Another Kentucky ordinance regulated my favorite game: pool. “No person owning or controlling a billiard or pool table shall permit … any minor under eighteen (18) … to play” without an ID card with a signature from his parents. “Mom! Going to the pool hall; can you write the note?” And this other gem from Kentucky: “Any person who displays, handles or uses any kind of reptile in connection with any religious service …” is going to get fined. “Pass the collection plate maw; we gonna have to pay for them snakes.”
Now that I’ve taken the obligatory shots at Alaska and Kentucky, let us examine Indiana laws and ordinances. West Lafayette is home to a sizable college institution, is it not? Lots of young people, milling about? Section 45.04 read “No pedestrian shall cross a roadway except by a route at right angles to the curb or by the shortest route to the opposite curb …” If this section has not been repealed or modified, then when I left a Purdue football game with some friends last year and we beat feet in the street any way we could, we were blissfully unaware that we were scofflaws.
A Utah law may have been the model for a similar one in Indiana: section 30-1-1 holds that first cousins can marry provided they are 65 years old, or if only 55, can certify that they cannot reproduce. (As Jack Paar was wont to say, “I kid you not.”) The Indiana statute says nothing about reproduction, but the state’s governmental war against same-sex marriage puts reproduction at the head of the class.

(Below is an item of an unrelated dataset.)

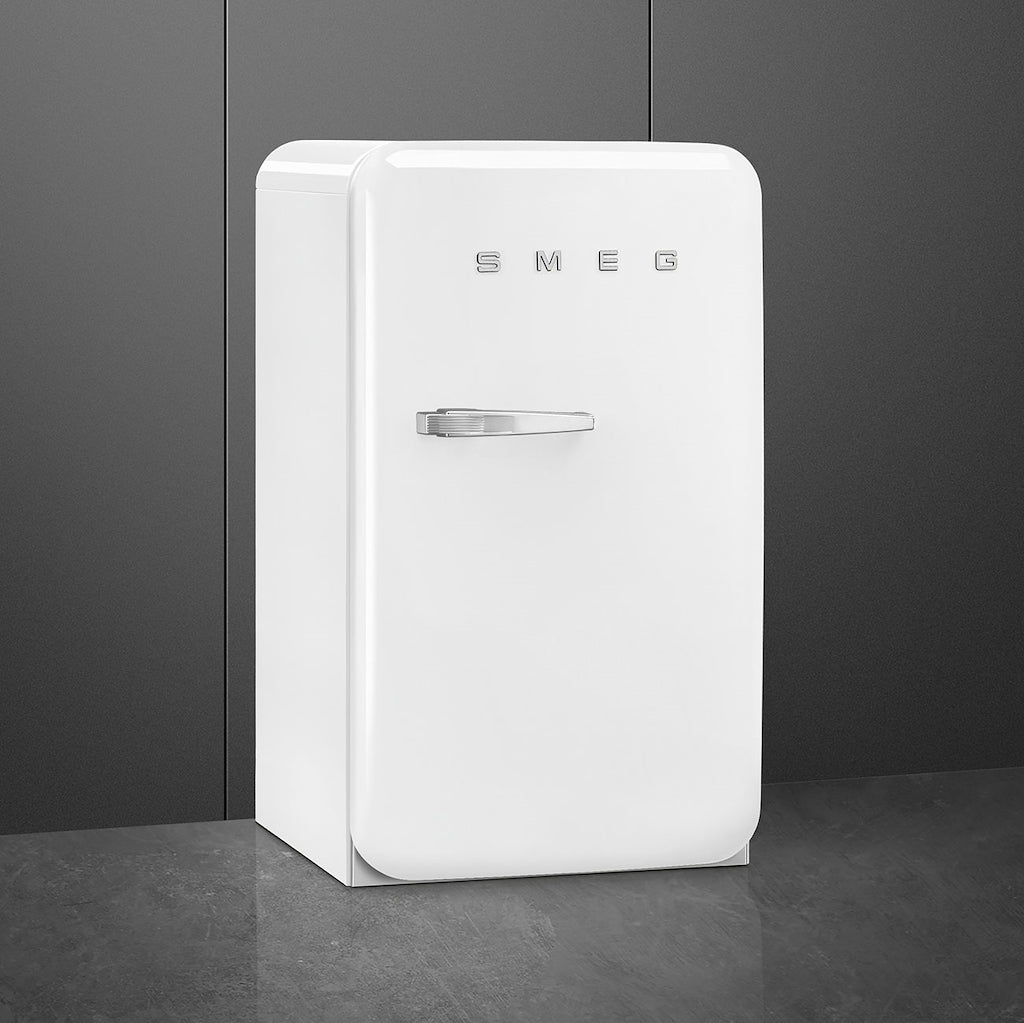 Smeg FAB10RWH6 Retro Mini Fridge Right Hand Hinge - White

As for the prohibition against tying an alligator to a fire hydrant, the two writers admit that there is no specific prohibition against it, neither in Michigan nor in Louisiana, where it is rumored to have originated. You cannot obstruct a fire hydrant, or tie anything to it, whether object or animal. But they were budding smartypanters, and when they heard of the ordinance they probably said, “Oo, Oo! Good name for a book, right?”
After having giggled and gagged through 157 pages of their “high school thesis,” I am inclined to agree.